Three Bills sent off to Senate Standing Committees on Environment and Communications last week.
Written by Chris Duckett, Contributor

After being introduced in the House of Representatives, the government's Telecommunications (Regional Broadband Scheme) Charge Bill 2019 and Telecommunications Legislation Amendment (Competition and Consumer) Bill 2019 were last week referred to the Senate Standing Committees on Environment and Communications.

The Regional Broadband Scheme, also known as the broadband tax, was recommended to be passed by the committee in September 2017, and would establish a AU$7.10 monthly charge to all fixed-line broadband customers to subsidise those connecting to NBN's loss-making fixed wireless and satellite technologies.

The broadband tax is set to commence the first July after the Bill is passed, which at this stage would be July 2020 if the government gets its way. The charge is indexed yearly.

The Telecommunications Legislation Amendment (Competition and Consumer) Bill would allow telcos to operate "superfast" broadband networks as both wholesalers and retailers, not only as wholesalers as currently allowed, and introduce statutory infrastructure provider obligations on NBN to connect a premises when asked to by a retailer at a minimum rate of 25/5Mbps.

"The bills were previously passed by the House of Representatives in 2018, but had not been passed by the Senate before the 2019 election," Minister for Communications, Cyber Safety and the Arts Paul Fletcher said last Thursday.

"The government is bringing them back largely as previously introduced. There are some amendments that are operational improvements. There are also some amendments to the Regional Broadband Scheme to adopt amendments moved by the opposition when the bills were previously before the parliament."

The two Bills were referred the same day to the Senate Standing Committees on Environment and Communications, with submissions to close on the joint inquiry on December 20, and a reporting date set for 21 February 2020.

At the same time in the Senate, South Australian Senator Stirling Griff introduced the Telecommunications Legislation Amendment (Unsolicited Communications) Bill 2019 that would amend the Electoral Act to require election-related calls to identify the use of actors at the beginning of the call, allow people on the Do Not Call register to opt-out of calls from charities, and amend the Spam Act to force political parties to allow citizens to unsubscribe from communications.

Similar to the government's Bills, Griff's Bill also lapsed at the May election.

Griff said in his second reading speech that the Bill gives some power back to the people.

"It seeks to give consumers and voters more control over unsolicited electronic and telephone communication from political parties and registered charities, which currently enjoy broad exemptions from laws that otherwise prohibit or limit telemarketing calls and spam messages," he said.

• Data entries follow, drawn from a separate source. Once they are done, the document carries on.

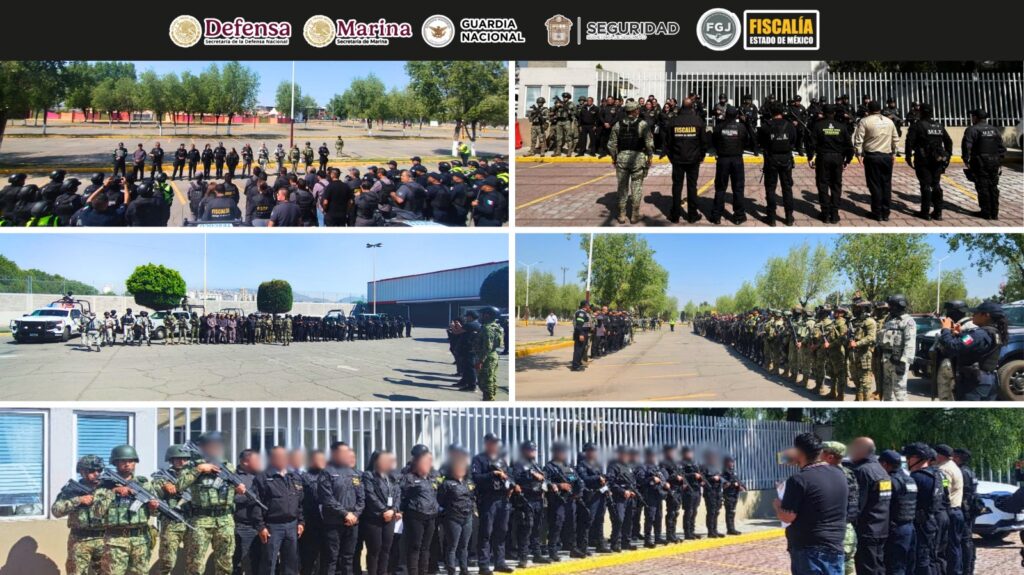 Entra la operación «Restitución» a 25 municipios del Edoméx, para asegurar inmuebles con denuncia de despojo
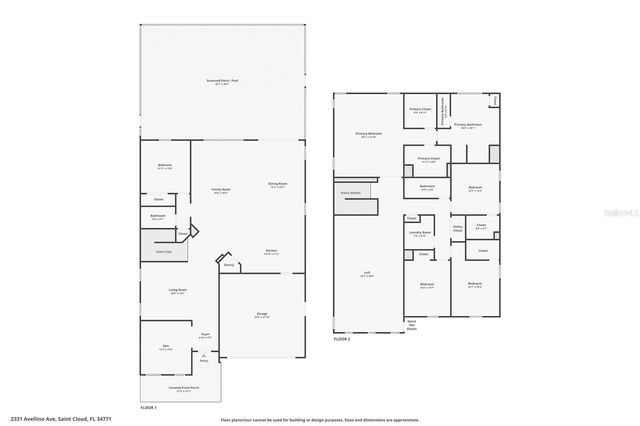 2331 AVELLINO AVENUE, St Cloud, FL 34771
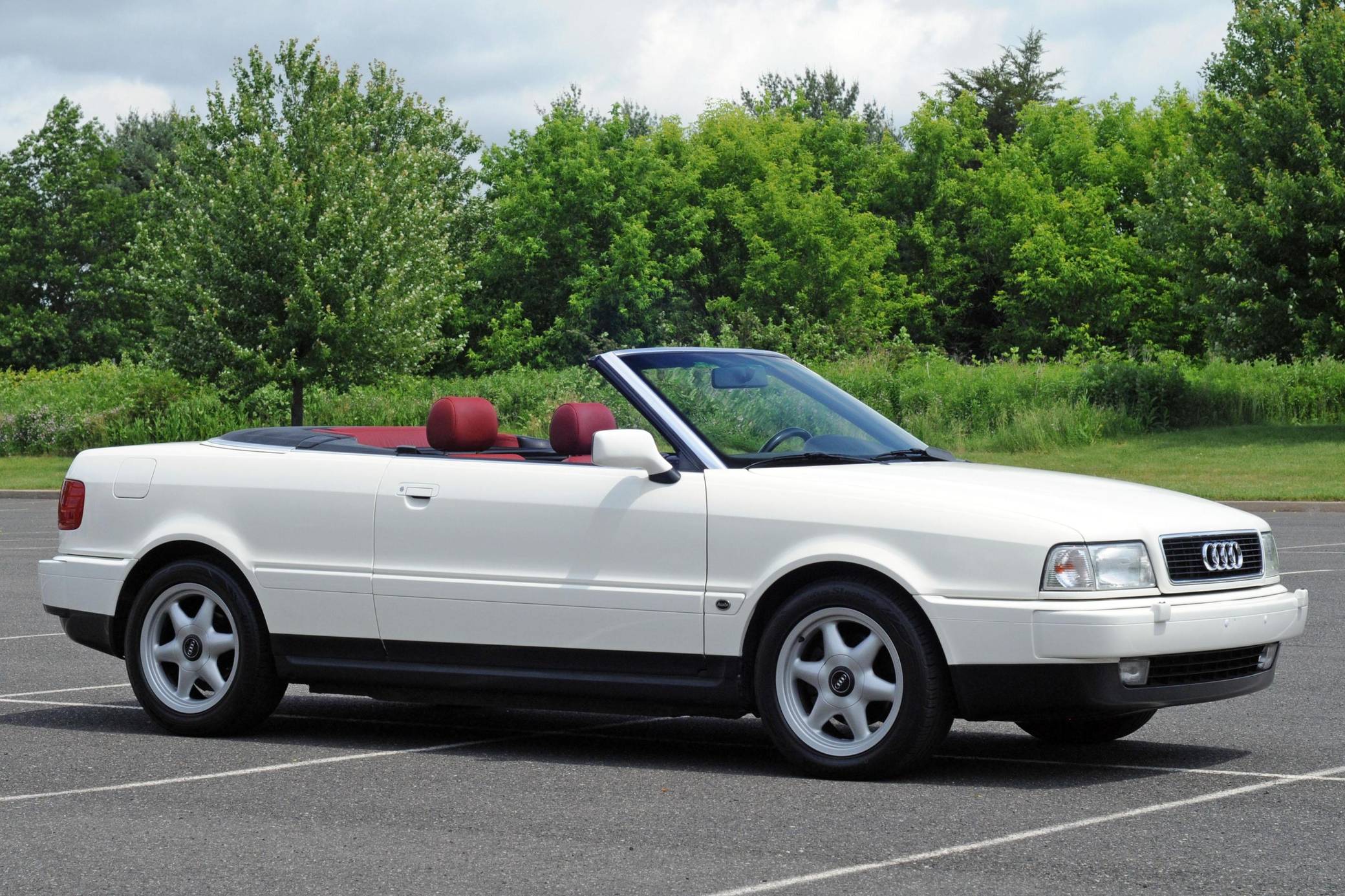 1997 Audi Cabriolet sold at auction for $6,800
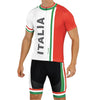 Montella Cycling Cycling Kit Jersey Only / XS Italia Cycling Jersey or Bibs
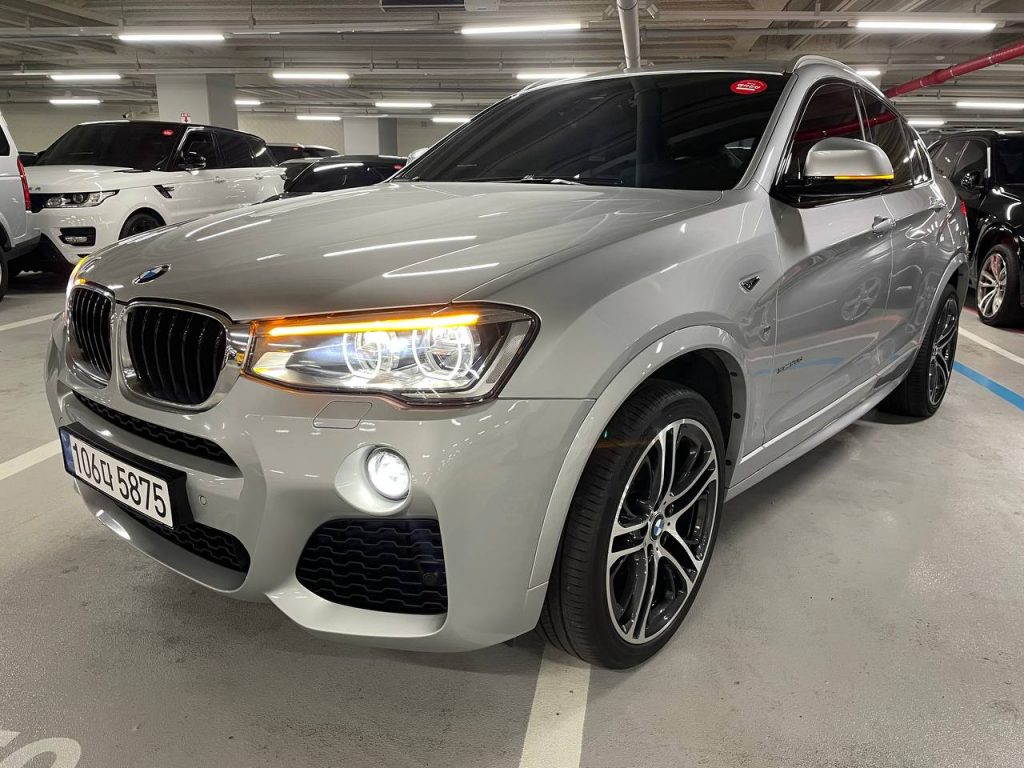BMW X4 (G02) xDrive 20d M Sport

"This problem was highlighted most recently when Mr Clive Palmer spammed voters nationally with SMS messages, prompting hundreds of complaints to the Australian Communications and Media Authority.

"It is not the first time this is happened and, unless the measures in this bill pass, it will not be the last. We know voters are unhappy about receiving these SMS messages, but ACMA is largely powerless to act on these complaints."

The inquiry looking into Griff's Bill is accepting submissions until February 21, and is due to report back on April 17.

Last week, ACMA proposed a three-point plan to crack down on phone scams.

ACMA said it was already trailing a Do Not Originate list that requires telcos to identify and block calls that appear to come from well-known Australian organisations but are actually made by scammers.